Burrus had seen an ad in a trade magazine placed by an organization called DIFFA, founded in 1984 by two New York interior designers. “We have to raise money because we cannot raise the dead,” it said. Burrus called DIFFA for more information, and two weeks later he received five boxes of promotional and fundraising packets. Although he had never been involved in charity work, he started a Dallas chapter of DIFFA.

In 1988 Burrus tried a traditional fashion show, but it flopped (not a single outfit was sold). “I figured we’d try a bake sale next,” he says, “until someone said something about denim jackets.” Burrus got on the phone and talked Levi Strauss and Company into donating a hundred jackets, persuaded Neiman Marcus to support and promote his auction—and started calling designers. To his surprise, Bob Mackie sent back a jacket with tiny tan sequined horse heads on the shoulders and tan marabou feathers draped down the front. An ecstatic Dallas couple parted with $7,500 for the jacket. Burrus realized he had found the perfect event for glitter-struck Dallas society.

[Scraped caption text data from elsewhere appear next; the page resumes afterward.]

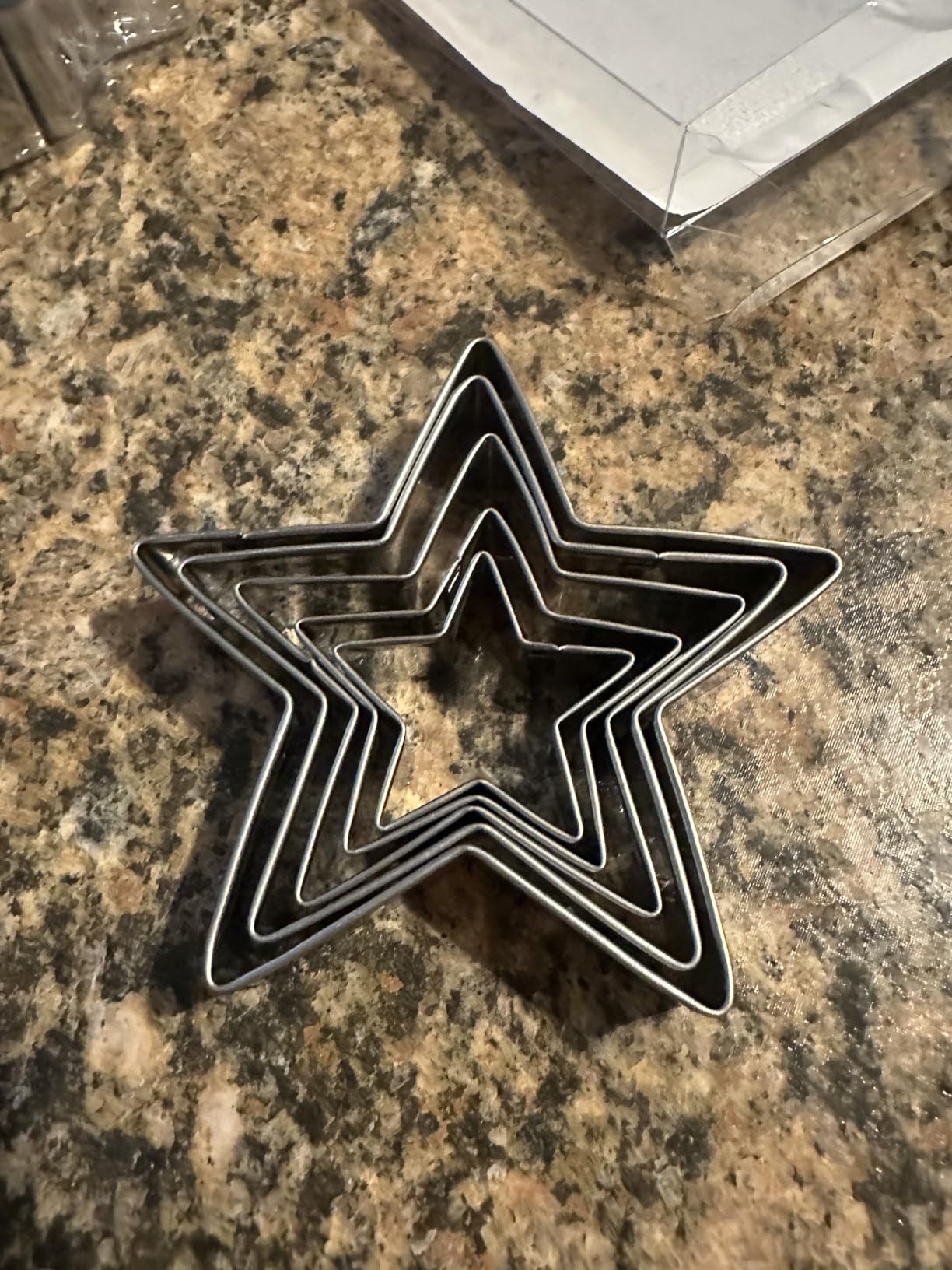 Large Christmas Cookie Cutters,4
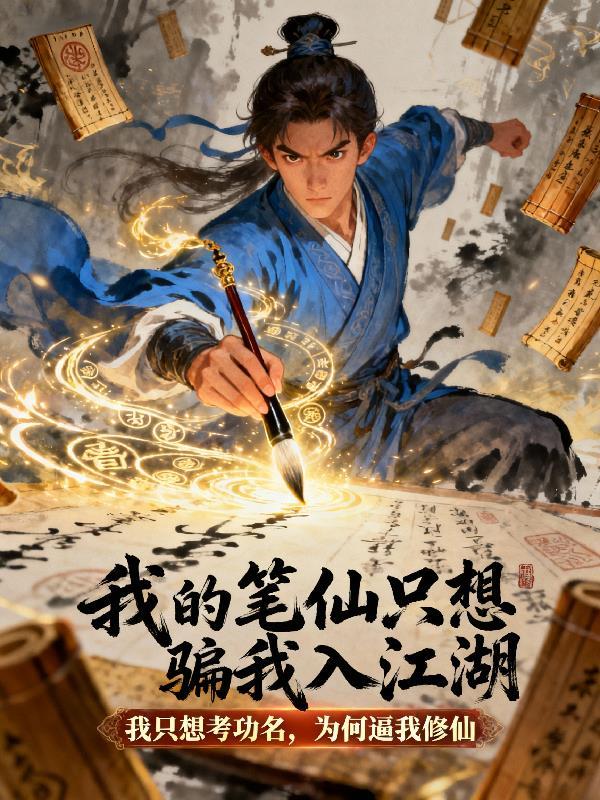 我的笔仙魔咒吻戏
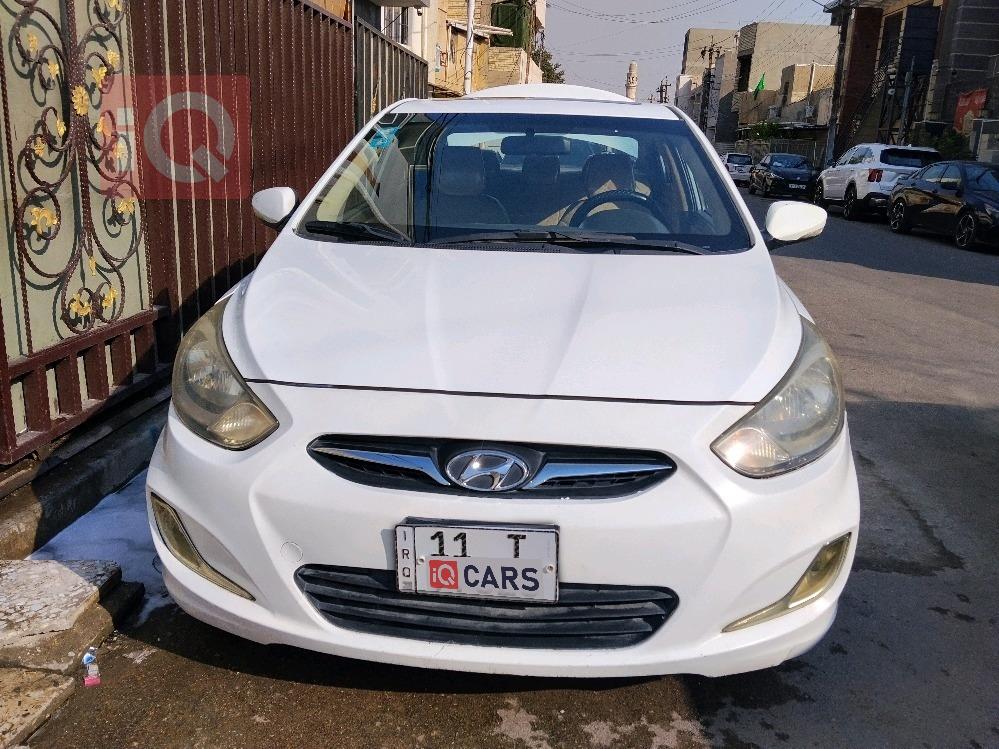 هيونداي أكسنت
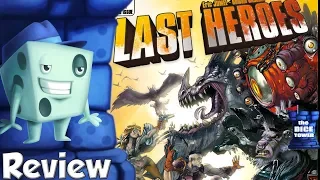 Last Heroes Review - with Tom Vasel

At the beginning of 1995 Burrus will step down from the local chapter he founded because he has learned that he is HIV-positive. Nevertheless, Burrus says he will continue to raise money. “I’ve always known that AIDS was going to be around for an awful long time,” he says. “But I am not discouraged. I look back on the last few years of my life with DIFFA and know that I have done my best.” The former furniture salesman pauses. “It’s been the very best thing I could ever imagine doing with my life.”